Albany Update

NY State Announces $143M Investment In Critical Water Infrastructure Projects

ALBANY—New York Gov. Kathy Hochul announced on Jan. 13 a total of $143 million in financial assistance for seven water infrastructure improvement projects, the latest action to upgrade New York’s water and sewer systems, reduce water pollution, and safeguard vital drinking water supplies.

The New York State Environmental Facilities Corporation Board of Directors approved low-cost financing and previously announced grants, authorizing municipal access to the capital needed to get shovels in the ground for critical drinking water and sewer projects in New York City and the Finger Lakes, Mid-Hudson and North Country regions.

“These low-cost financings and grants are the building blocks for municipalities to modernize and protect their critical water infrastructure,” Gov. Hochul said. “My administration will continue to tackle clean water issues head-on with strategic investments that will benefit New Yorkers for generations to come.”

The board’s approvals include financings through the Clean Water State Revolving Fund and Drinking Water State Revolving Fund, as well as grants already announced pursuant to the Water Infrastructure Improvement grant program.

New York State Environmental Facilities Corporation President and CEO Maureen A. Coleman said, “This $143-million infrastructure investment will provide cleaner, safer water, all while saving ratepayers money and creating good-paying jobs.

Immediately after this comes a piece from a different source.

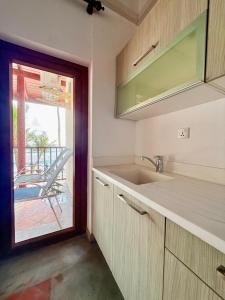 Kuchyň nebo kuchyňský kout v ubytování LIV - Unawatuna Beachfront Studio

EFC is pleased to work with our partners in state government to provide the funding that make these critical projects possible.”

A majority of the Drinking Water Project funding is earmarked for projects in New York City and the Mid-Hudson Valley, including:

New York City Municipal Water Finance Authority (two projects)

$100,000,000 short-term market-rate financing to excavate and construct Shafts 17B-1 and 18B-1 in City Tunnel No. 3 in Queens to provide redundancy for the city’s water system as well as allowing better flow control and management of the water system.

$22,000,000 short-term market-rate financing to design and construct the Croton Water Filtration Plant and associated facilities.

Village of Harriman in Orange County (two projects)

$538,551 WIIA grant to install a granular activated carbon treatment system for the removal of emerging contaminants from Well No. MH-1A.

$284,955 WIIA grant to install approximately 600 linear feet of eight-foot ductile iron water main from the existing distribution system located on Harriman Heights Road to Well HH #3.